Por que strippers são contratadas para se apresentar em funerais na China
A música ressoa por meio de alto-falantes barulhentos e strippers dançam no ritmo, enquanto os demais participantes do evento acompanham a melodia assobiando. Mas não estamos falando exatamente de uma festa, e sim de cortejos fúnebres em alguns lugares da China.
No início deste ano, o governo do país reforçou sua oposição a essa prática não só em funerais, mas também em casamentos e templos, classificando-a como “obscena e vulgar”.
No entanto, ela persiste. E não é a primeira vez que se tenta aboli-la.
Mas por que as pessoas contratam strippers para funerais?
Uma das teorias indica que essas dançarinas são usadas como isca para atrair um número maior de pessoas aos funerais, uma vez que a presença de uma grande multidão é vista como uma forma de honrar o falecido.
Em alguns lugares, essa prática também está relacionada ao “culto à reprodução”.
“Em algumas culturas locais, a dança com elementos eróticos pode ser usada para transmitir os desejos do falecido de ser abençoado com muitos filhos”, disse Huang Jianxing, professor da Universidade Fujian, ao jornal estatal Global Times.
Outra hipótese sugere que a contratação de strippers pode ser vista como uma demonstração de riqueza.
“As famílias das zonas rurais da China são mais propensas a mostrar que têm dinheiro gastando o equivalente a várias vezes sua renda anual contratando atores, cantores, comediantes e strippers para confortar os parentes em luto e entretê-los”, disse o Global Times.
Prática recente
Ainda que seja próprio das áreas rurais da China, na verdade é em Taiwan, onde teve suas origens, que esse fenômeno é muito mais comum.

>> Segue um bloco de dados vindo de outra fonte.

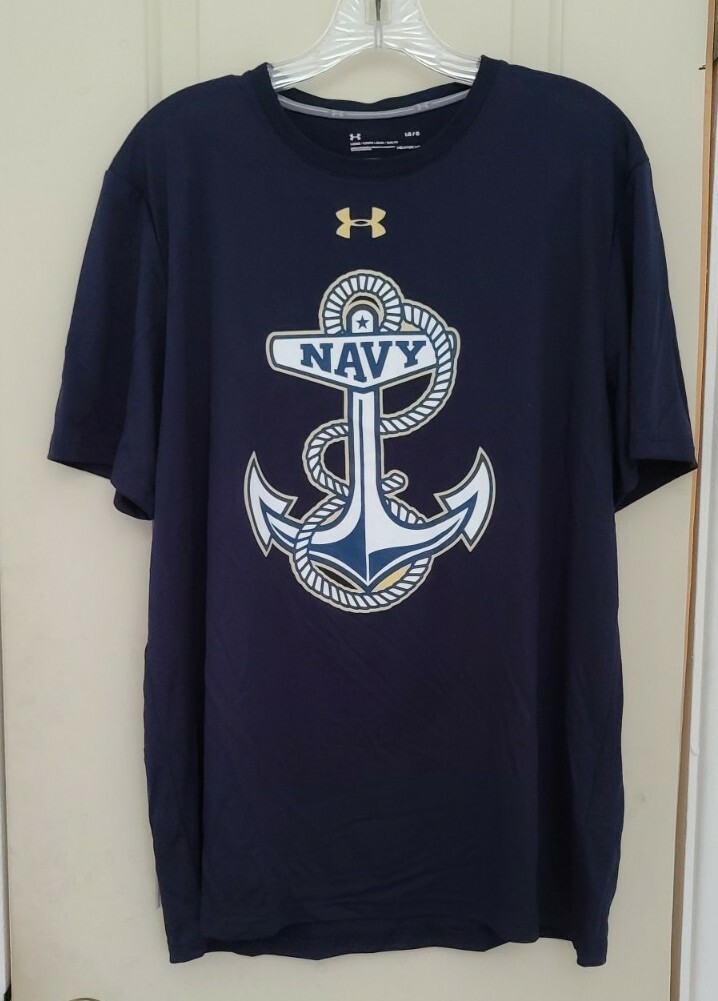 Under armour- heat gear mens navy/nautical T-shirt, size LG, color dark blue gallery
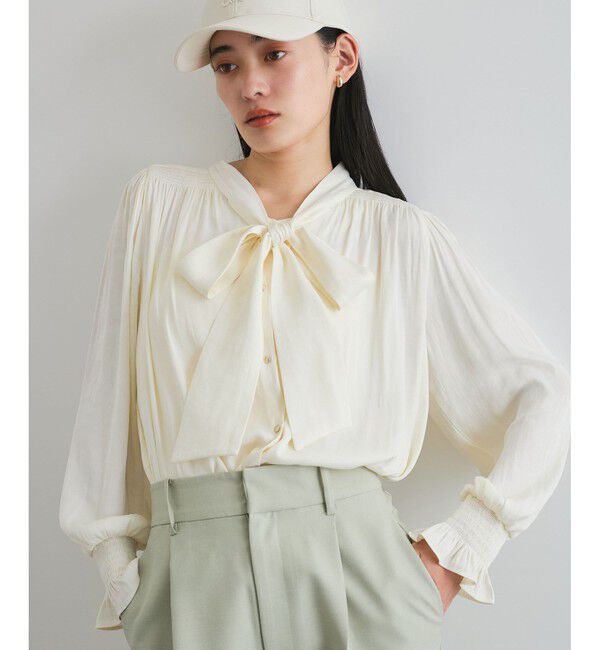 VIS「【前後2WAY】割繊ボウタイブラウス【洗える】」|シャツ・ブラウス|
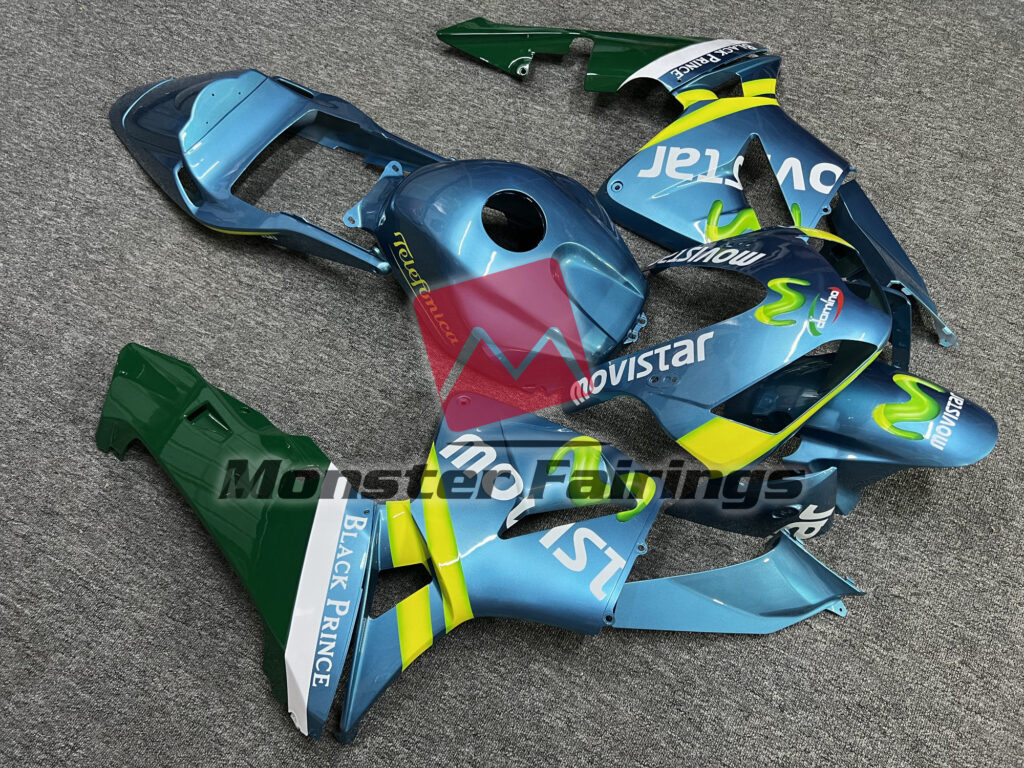 Honda CBR600RR custom ABS fairings 2003 - 2004 in Gloss Light Blue & Green Movistar - durable replacement kit, Monster Fairings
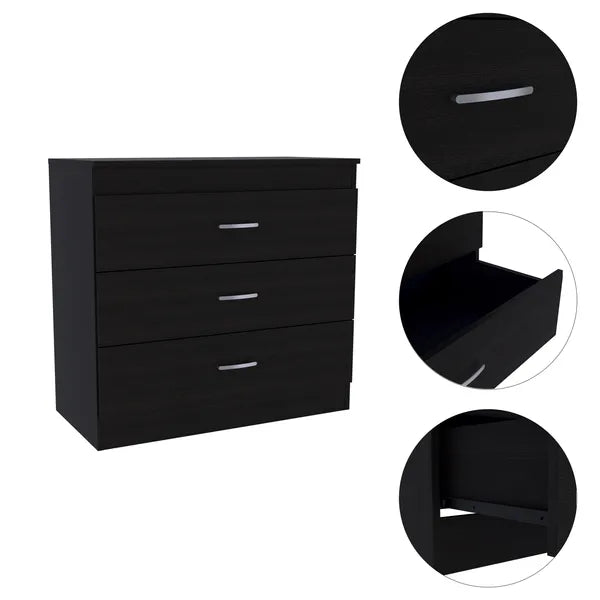 Bethage 3-Drawer Dresser Black Wengue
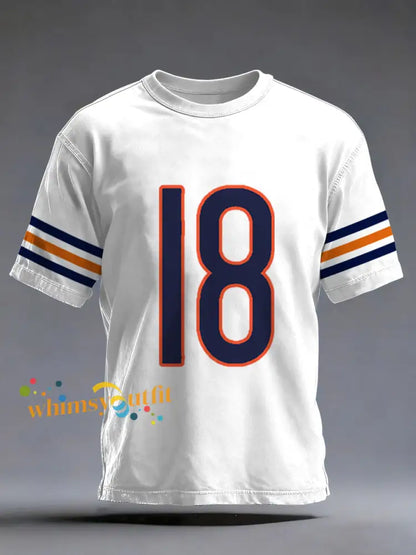 Men’s Number 18 Chicago Football Fans Gameday Casual Tee White / S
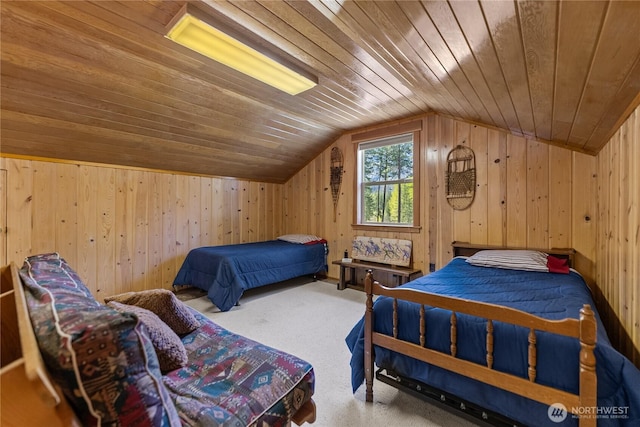 225C Lost River Rd, Mazama, WA 98833 - bedroom with carpet floors, wooden walls, vaulted ceiling, and wooden ceiling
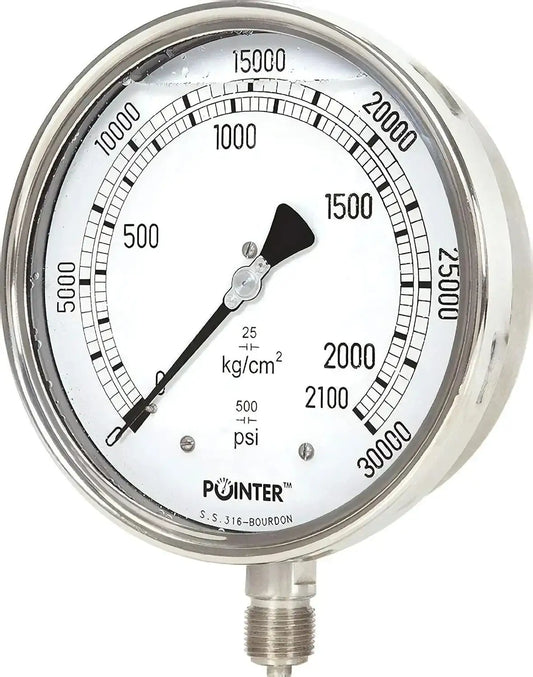 Dual scale high pressure gauge with white dial, black needle, psi and kg/cm² markings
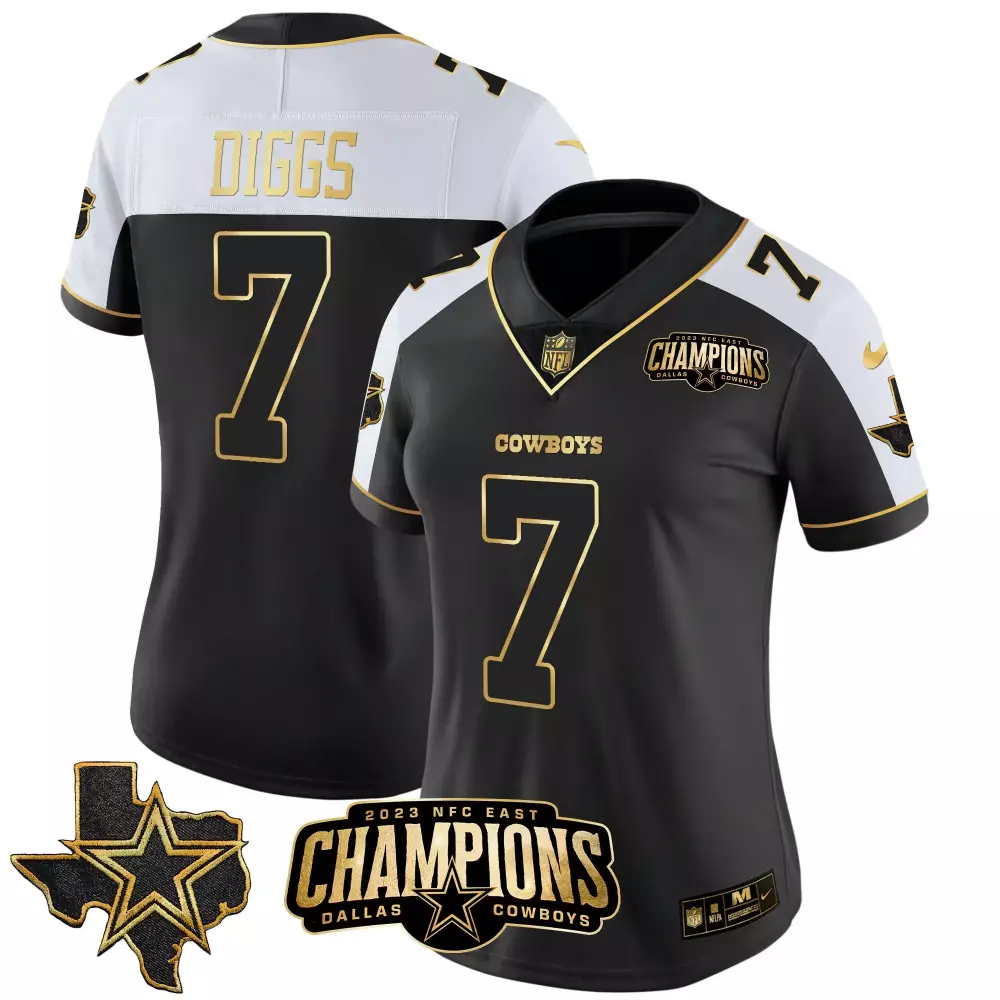 Trevon Diggs 7 Dallas Cowboys Jersey Black NFC East Champions 2023 Women Alternate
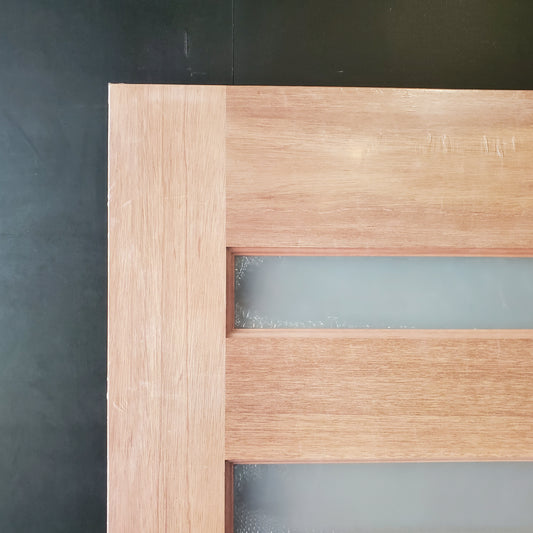 Timber Entry Door - 2040h x 820w Solid Core w/ 7 x Horizontal Obscure (Frosted) Glass *New* 40050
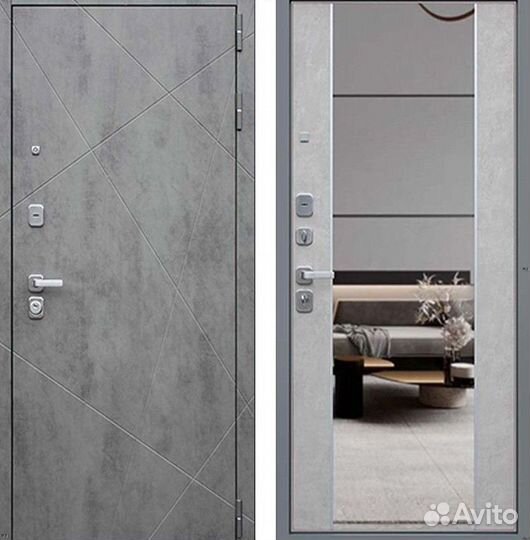 Дверь входная Бетон тёмный металлическая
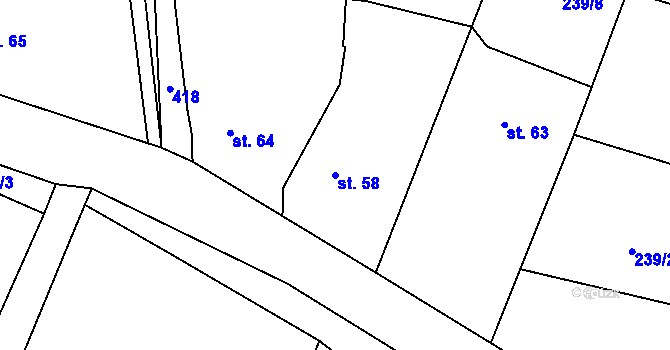 Parcela st. 58 v KÚ Pučery, Katastrální mapa
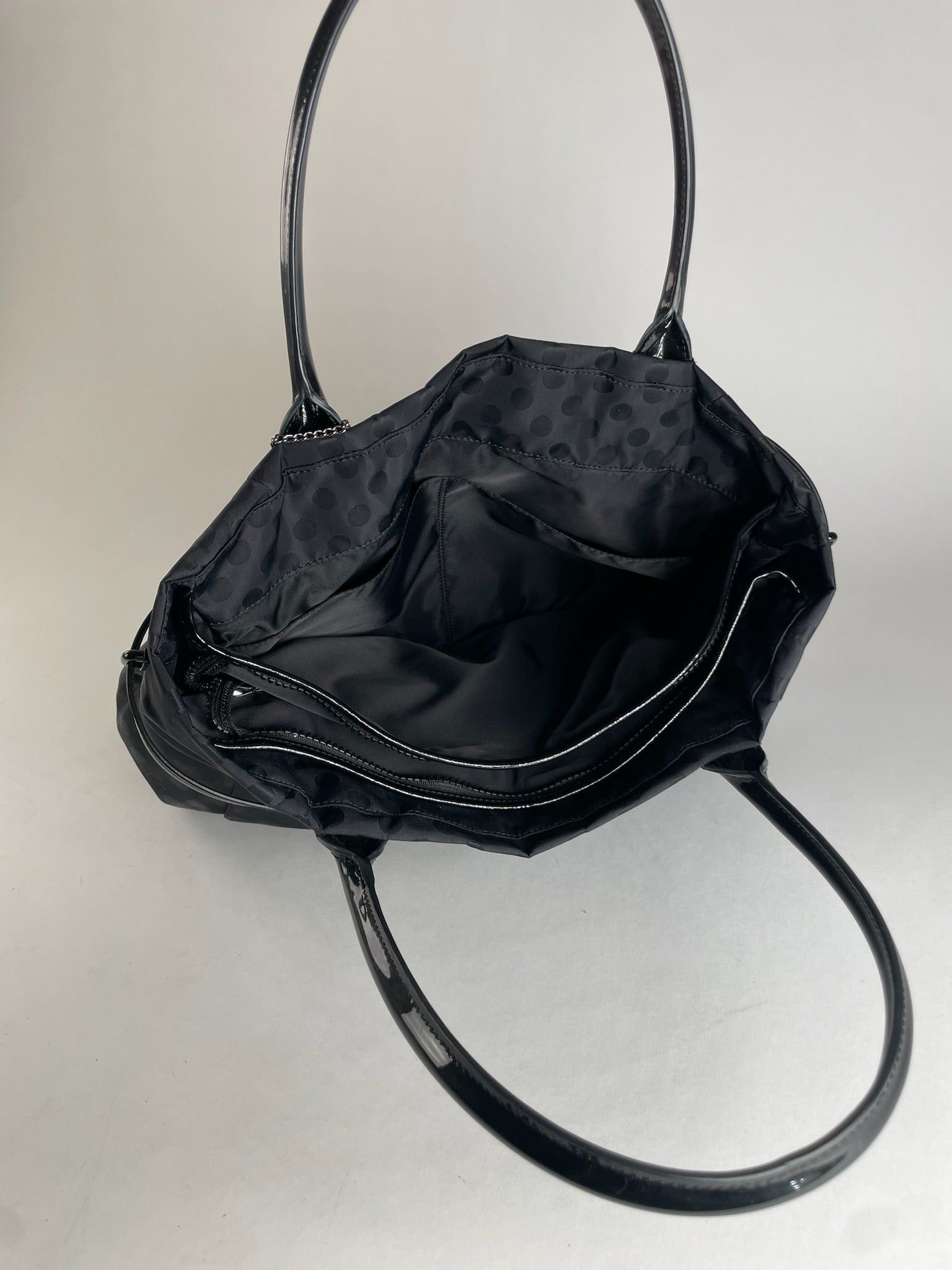 Yohji Yamamoto Vintage Polkadoz Patent Leather / Polyester Handbag Size ONE SIZE - 5 Thumbnail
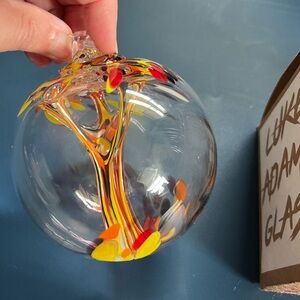 Large Tree of Life Glass Art Ornament in Orange, Yellow, Red & Brown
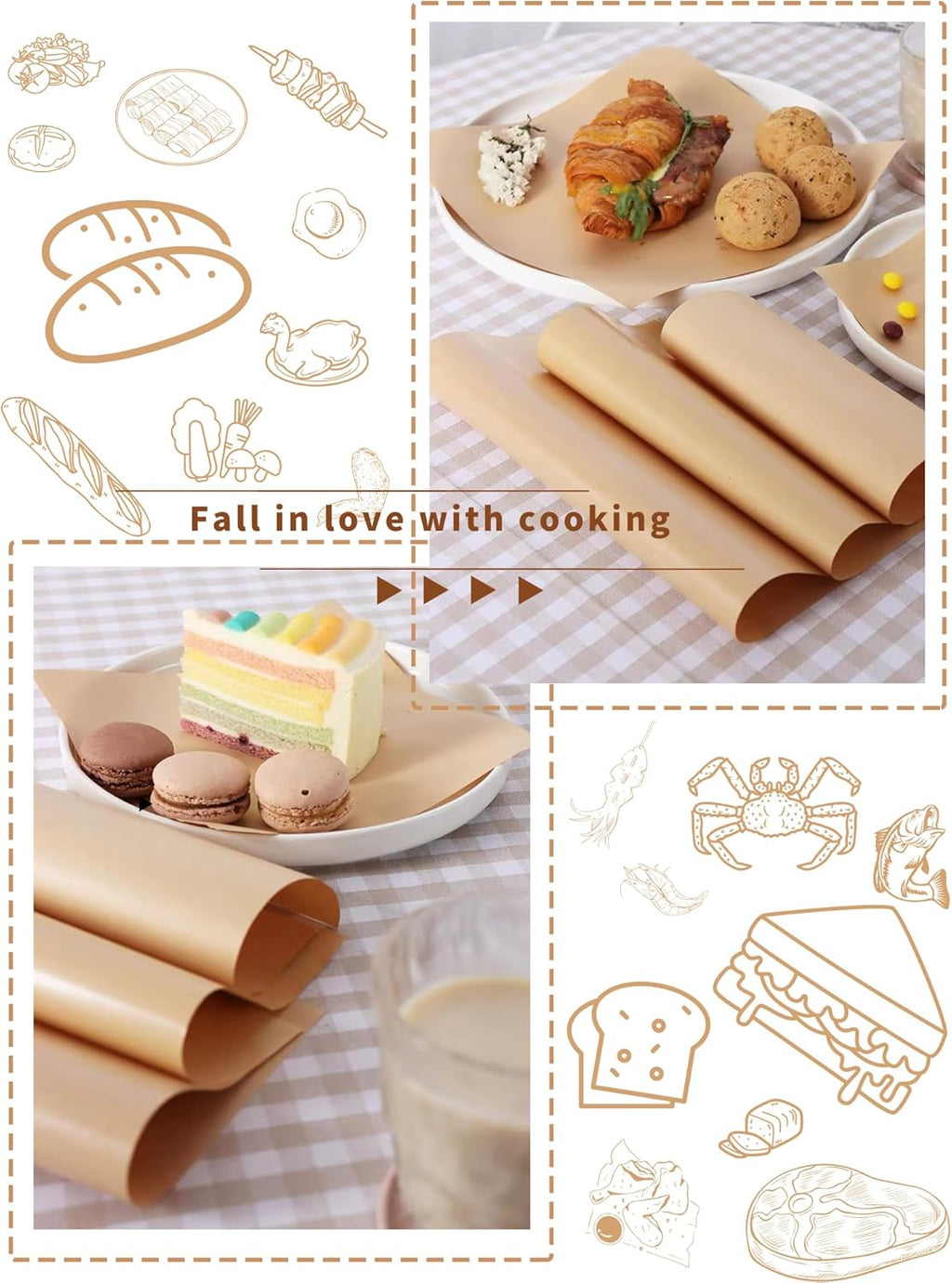 200 Pcs Dual-Sided Silicone Parchment Paper Sheets - Food Grade Non-Stick BBQ and Baking Paper for Ovens and Baking Trays - 12x16 inches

“A primeira vez que a prática de contratação de strippers para funerais chamou amplamente a atenção da opinião pública foi em Taiwan, em 1980”, disse à BBC o antropólogo Marc Moskowitz, da Universidade da Carolina do Sul, no EUA.
“Tornou-se muito comum em Taiwan, enquanto na China o governo tem sido tão restritivo que muita gente nunca ouviu nem falar disso”, disse ele.
Mas mesmo em Taiwan a prática não é muito frequente nas grandes cidades.
“Por estar em uma área obscura entre a legalidade e a ilegalidade, a presença de strippers é menos comum nos centros urbanos, embora com frequência possa ser vista nas periferias de muitas cidades”, disse Moskowitz.
No ano passado, houve um funeral em Taiwan em que 50 dançarinas de pole dancing faziam suas piruetas nos tetos de jipes na cidade de Chiayi, no sul do país.
A “cerimônia” era para honrar um político local que, de acordo com sua família, havia pedido “por meio de um sonho” para ter um funeral colorido.
Combate ostensivo
A perseguição das autoridades chinesas agora é apenas a mais recente tentativa de pôr fim à prática.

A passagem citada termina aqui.